Mais Philip James Forster est un « dormant » depuis 1971 ! Il a en fait 42 ans, s'appelle Nicolas Igorovitch Ostarov, est le fils d'un célèbre Général au pouvoir dans les années sombres de l'URSS, a été élevé par sa tante : « Je ne l'ai jamais vue faire la queue. […] J'étais un garçon insouciant, mais il y avait un tel gouffre entre la réalité et la propagande qu'il était impossible de l'ignorer. » (page 23). Puis il a été formé à Clifton en Ukraine sous le gouvernement d'Andropov : « Tu imagines les milliers de roubles qu'il a fallu pour en arriver là ? On compte sur toi. Tu dois devenir un grand scientifique. Après tes études, tu travailleras dans les meilleures firmes impérialistes. À notre profit bien sûr. Comme tu le sais, nous accusons un certain retard en électronique. Tu es un des jokers qui nous permettra de rattraper les Américains. » (page 41). Il est arrivé par le Canada, a étudié aux États-Unis : « À Berkeley, j'ai appris qu'un certain retard était une litote polie. En réalité, c'était un fossé abyssal qui nous séparait des Occidentaux. » (page 41). Pendant toutes ces années, il a fourni des informations aux Soviétiques en particulier sur des projets top-secrets. Un peu moins depuis la chute de l'empire soviétique et l'arrivée au pouvoir d'Eltsine.

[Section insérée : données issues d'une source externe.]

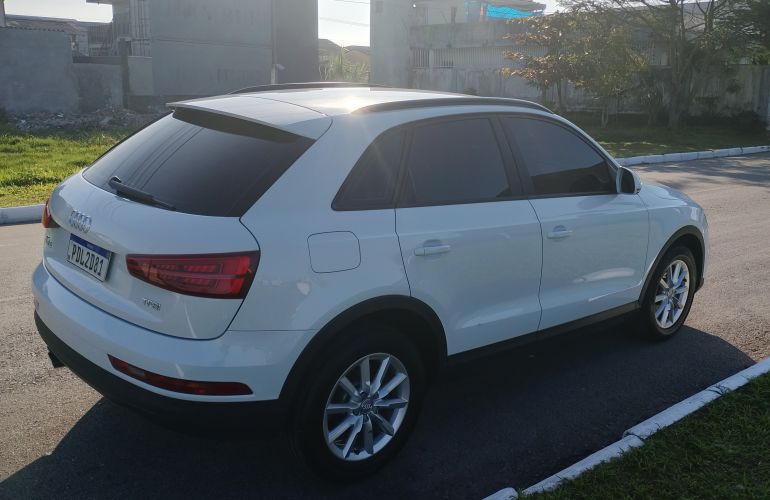 Audi Q3 1.4 TFSI Ambition S Tronic - Foto #2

Un soir, Biplan, un « disjoncteur » prend contact avec lui pour le renvoyer en Russie. « On élaguait les branches mortes, on mettait les réseaux en sommeil et surtout, on essayait de rapatrier les taupes les plus menacées dont, semblait-il, je faisais partie. » (page 10). Mais Forster veut rester en Californie : « Non, rentrer était impensable. Je n'avais plus là-bas ni famille ni relations. […] Je n'avais pas remis les pieds en Russie depuis 1971. […] Je pensais, je rêvais en anglais. Je ne serais jamais un vrai Américain mais je n'étais plus soviétique et je n'avais guère envie de devenir russe. Au fond, je n'étais qu'un bâtard de la guerre froide fourvoyé entre les deux mondes. » (page 14). Il se débarrasse de l'homme et s'enfuit sous une autre identité : il avait tout prévu car il savait que ça arriverait un jour... « J'avais perdu tout ce que j'avais construit depuis vingt ans. Il n'y avait pas d'alternative. Si je voulais sauver sauver ma peau ou éviter de moisir en prison pendant trente ans, je devais fuir à l'autre bout du pays. » (page 49). Commence alors une course-poursuite, entre lui et le FBI, et entre lui et ce qui reste du KGB.
Dans ce récit, à la fois thriller et roman d'espionnage, Forster raconte ses souvenirs (c'est passionnant) et sa fuite dans un road movie haletant où il va être confronté à Toundra, l'homme qui l'a fait entrer aux États-Unis et à des mercenaires sans foi ni loi.
Il va aussi rencontrer des personnes qui vont l'aider, Alice dont il va tomber amoureux, Gary qui va l'embaucher et l'emmener à la pêche, et Cowper un ancien de la CIA qui vit en Asie et qui analyse la situation : « Vous n'êtes peut-être qu'un éléphant qui piétine dans la poussière, un leurre pour nous dissimuler la réalité. » (page 127).
Un très bon thriller à lire pour découvrir l'époque soviétique et la vie des agents dormants.
Je le mets donc dans le challenge Une année en Russie.